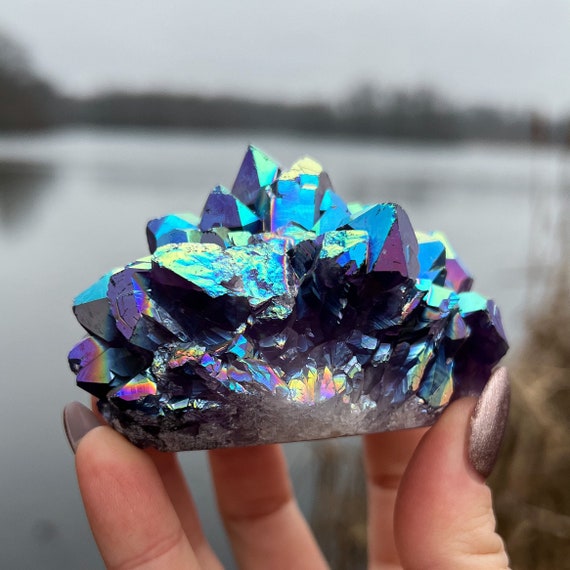 Rare Quality Rainbow Aura Amethyst Cluster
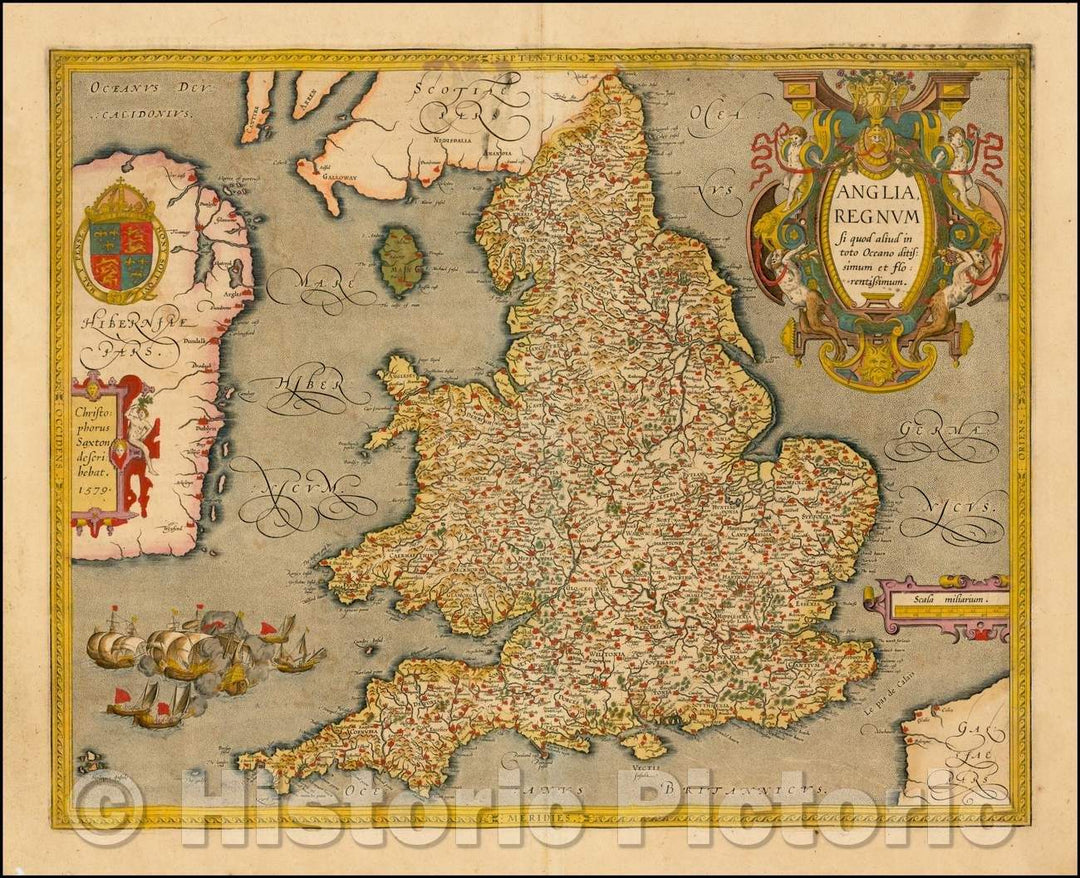 Historic Map - [England & Wales] Anglia, Regnum si quod aliud/Jan Baptiste Vrients' Map of England and Wales, 1603, Christopher Saxton - Vintage Wall Art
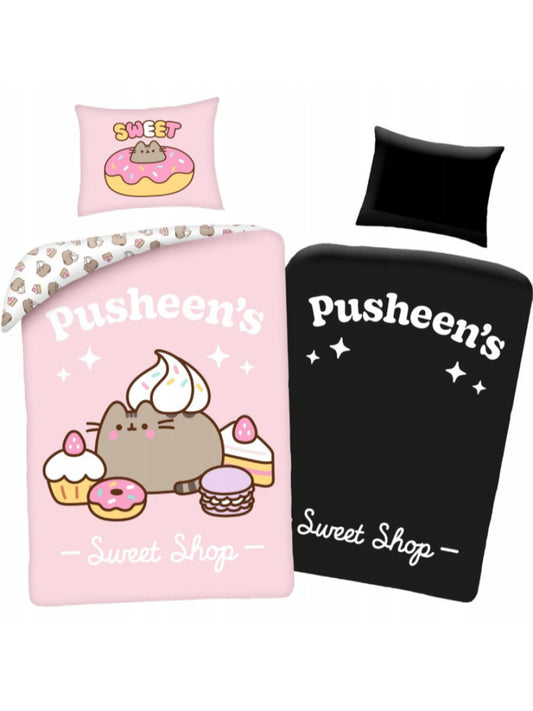 Pusheen Sweet Shop tumsā spīdošs gultasveļas komplekts 140–200 cm, 70 x 90 cm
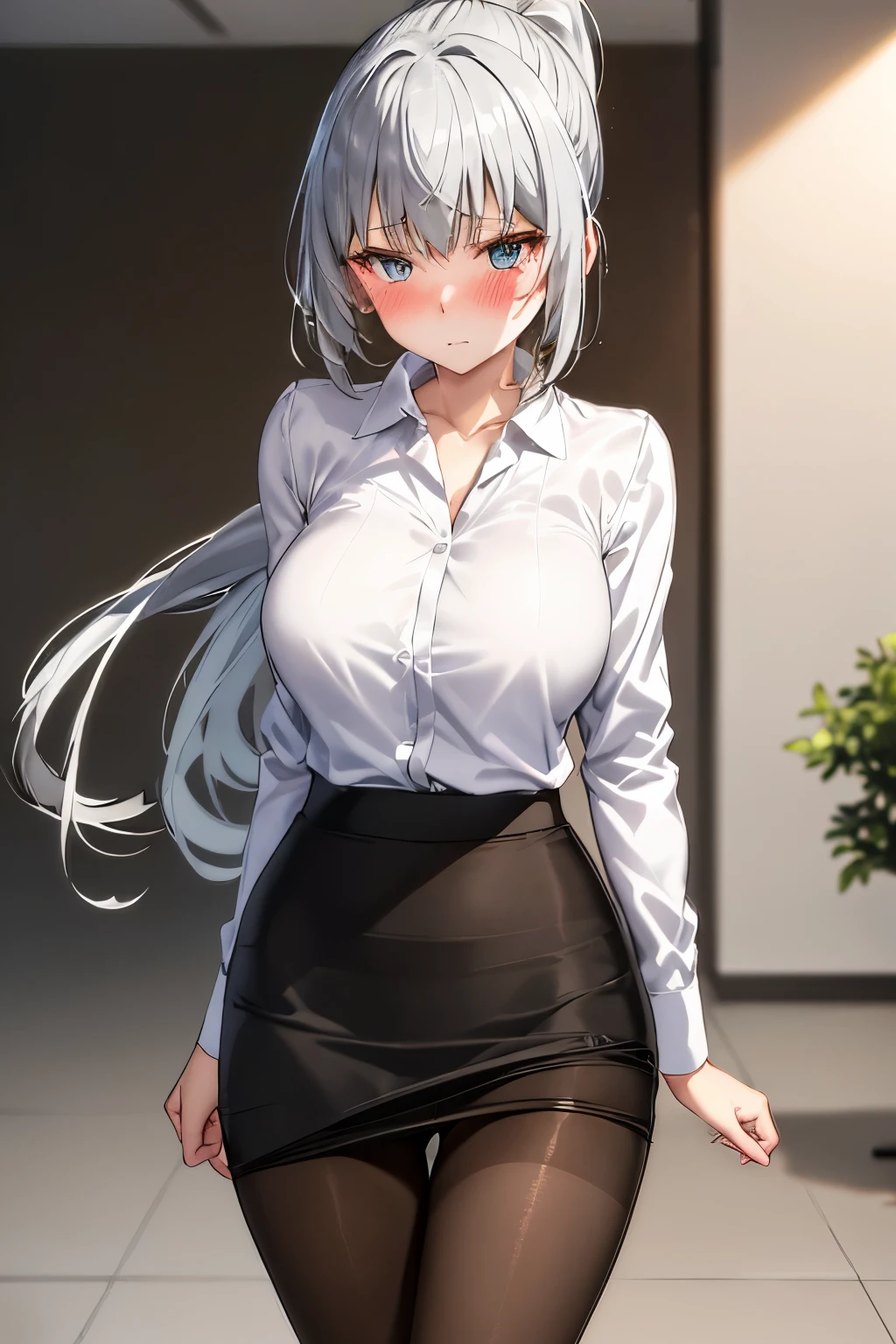 (Best Quality:1.2),  Alone、Luminous Valentine,Silver Hair、Odd Eye、ponytail、(blush:1.1), Embarrassing, View your viewers、((Office Lady Clothes))、((pantyhose))、(Pencil Skirt)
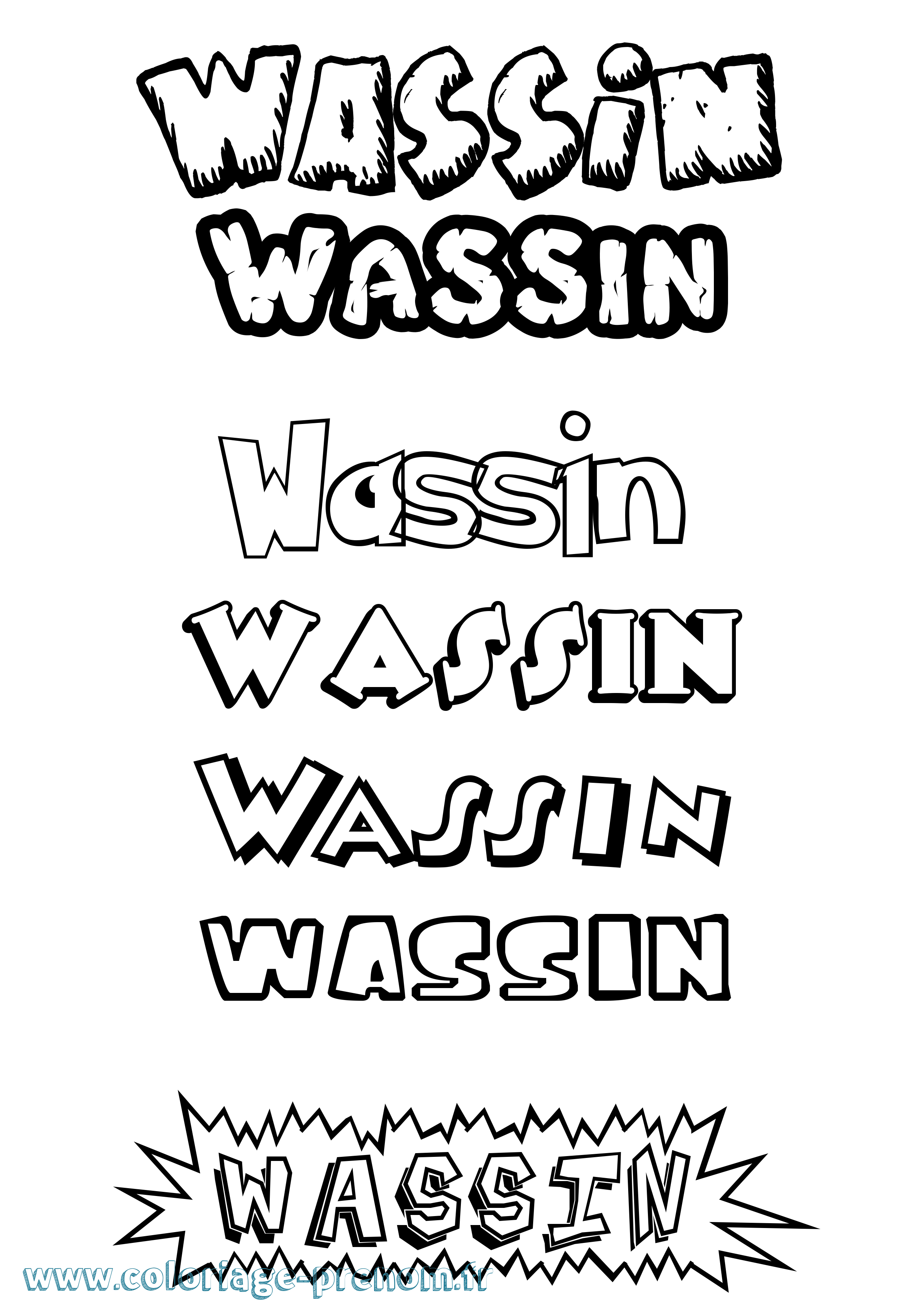 Coloriage Wassin Dessin Animé Coloriage prénom Wassin Dessin Animé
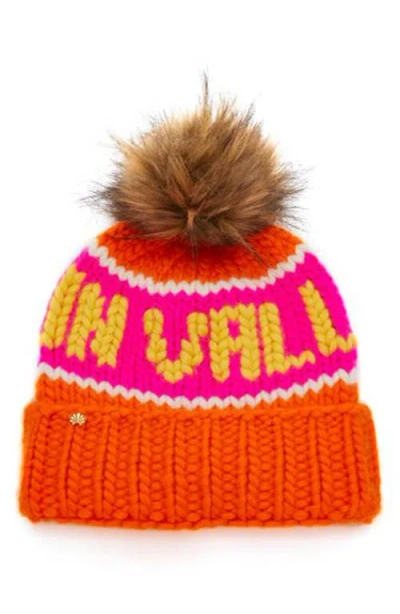 Lele Sadoughi Sun Valley Faux Fur Pompom Merino Wool Beanie In Orange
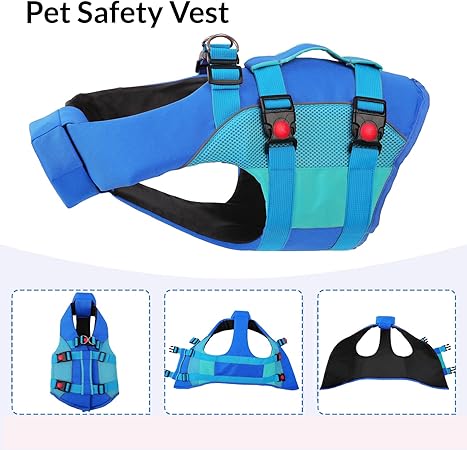 Large Dog Life Jacket – Blue-Green Buoyancy Vest with Dual Handles & Neck Float Support | Heavy-Duty Safety for Swimming & Rehabilitation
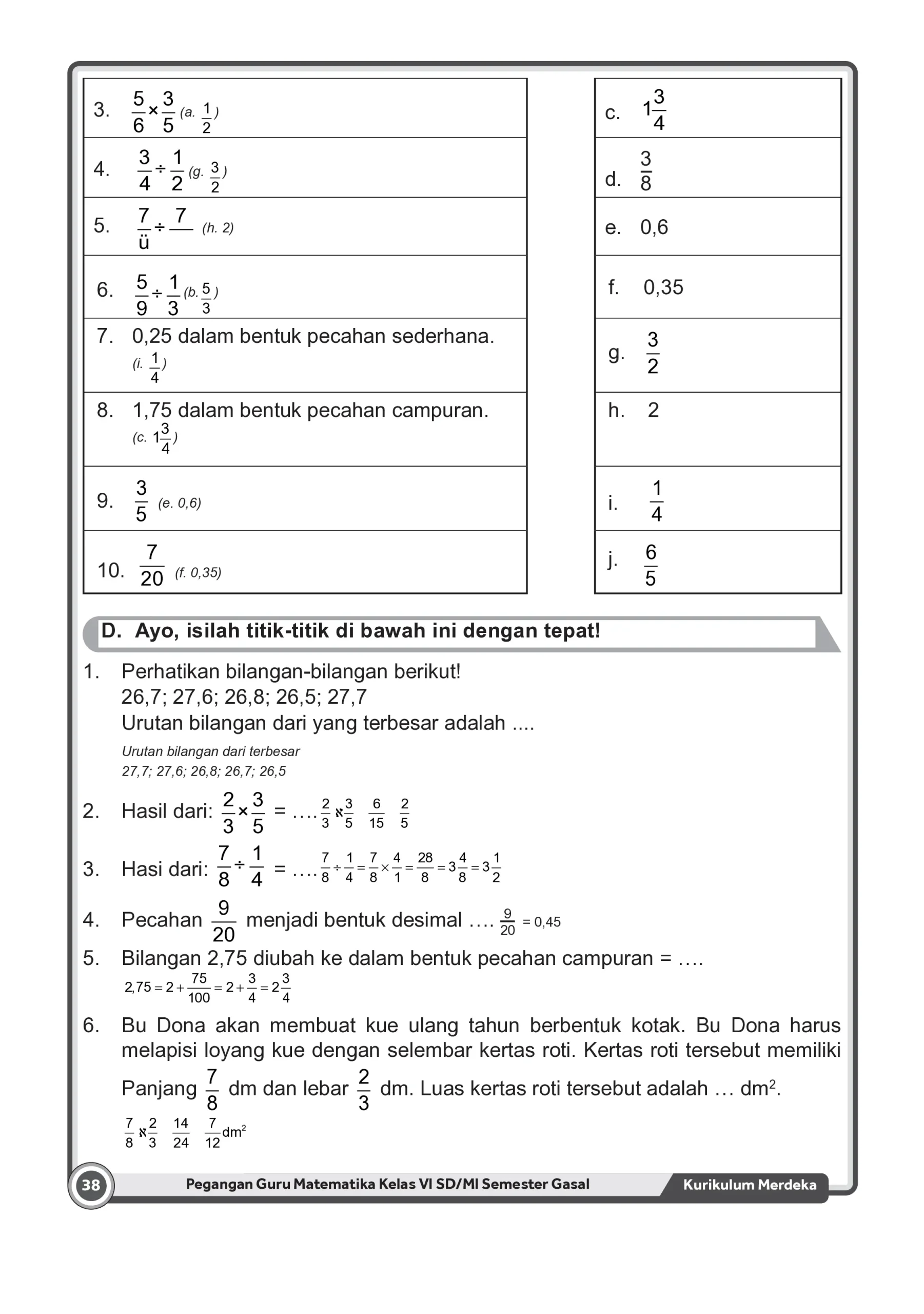 Kunci Jawaban Soal Pecahan dan Desimal Matematika Kelas VI SD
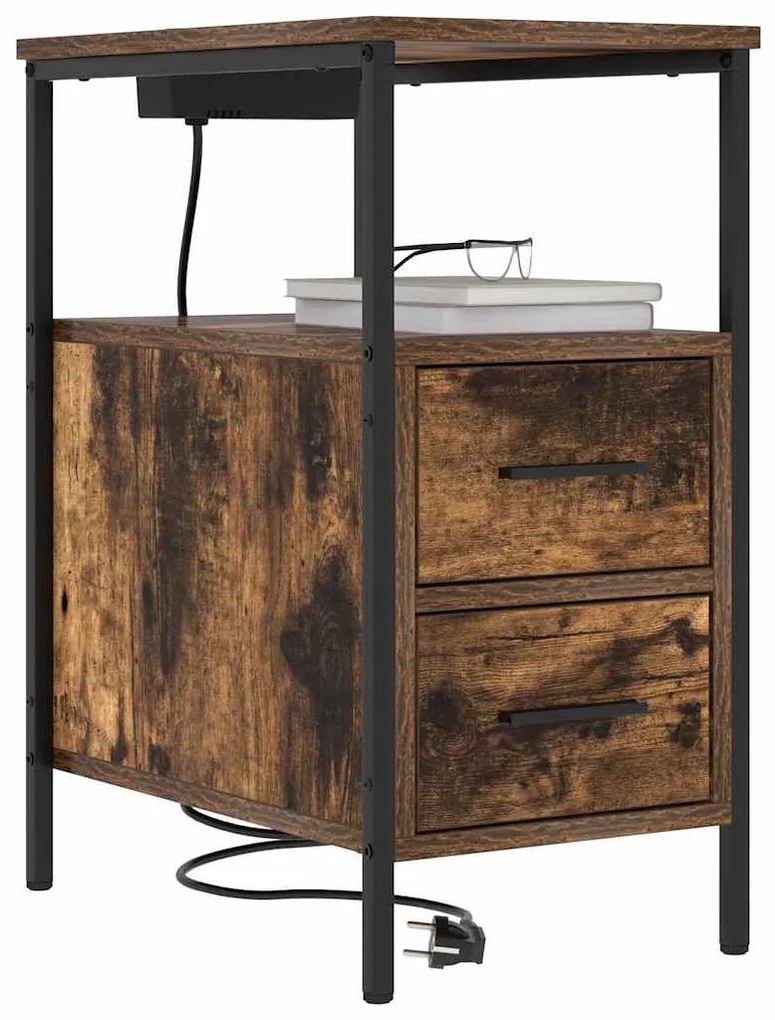 Éjjeli Szekrények 2 pcs Füstölt tölgy 30 x 48 x 61 cm Faanyag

━━━

EXERCISE OBJECTIVE:
A verbatim reproduction is expected: starting at the line above that has "Pusheen Sweet Shop", ending at the line that has "Large Dog Life", both included, and with no pictures and no other lines.

SOLUTION FOR THIS EXERCISE:
 Pusheen Sweet Shop tumsā spīdošs gultasveļas komplekts 140–200 cm, 70 x 90 cm
 (Best Quality:1.2),  Alone、Luminous Valentine,Silver Hair、Odd Eye、ponytail、(blush:1.1), Embarrassing, View your viewers、((Office Lady Clothes))、((pantyhose))、(Pencil Skirt)
 Coloriage Wassin Dessin Animé Coloriage prénom Wassin Dessin Animé
 Lele Sadoughi Sun Valley Faux Fur Pompom Merino Wool Beanie In Orange
 Large Dog Life Jacket – Blue-Green Buoyancy Vest with Dual Handles & Neck Float Support | Heavy-Duty Safety for Swimming & Rehabilitation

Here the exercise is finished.